Bootloop fault code page not present

A few days ago I got an alert that the system had an unexpected restart but nothing was wrong so I just kind of ignored it. The system is behind a UPS so the random restart wasn’t due to power loss. The next day I realized it was stuck in a boot loop with a message before restarting

fault code = supervisor read data, page not present
processor eflags = interrupt enabled, resume, IOPL = 8
curret process = 5 (txg_thread_enter)
trap number = 12
panic: page fault
cpuid = 8

The system would no longer boot so I tried installing TrueNAS Core on a new partition as an upgrade, but the same issue happened. I then tried doing a clean install and while I could get to the GUI as soon as I tried to import the pools the system would restart and go back to the same error. I tried following a few different solutions found on the forum like importing as readonly but it did the same thing.

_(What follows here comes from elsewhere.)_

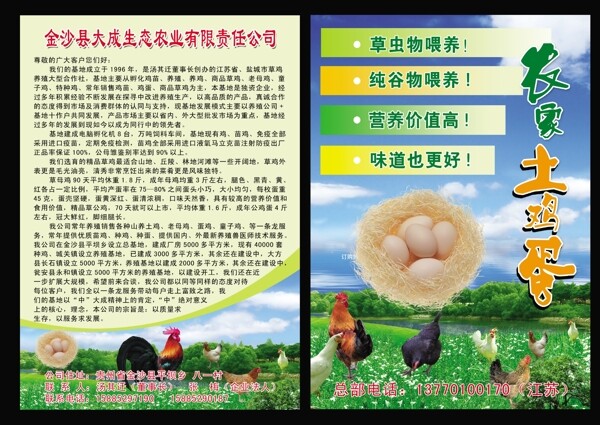 土雞宣傳單圖片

After reinstalling TrueNAS when I try to import the pool it says poolname not found, and when I try to list the pools it only shows boot-pool, unless its a clean install I can see the pool through the GUI. So maybe I’m just using the wrongs commands since I’m not very familiar with this.

I’ve had the system running for over a year without any problems so I’m not sure what happened since I didn’t do any updates or anything like that when it started happening. Below are my system specs. Its been a while since set it up but I’m pretty sure its setup as RAIDZ2, but could be RAIDZ1.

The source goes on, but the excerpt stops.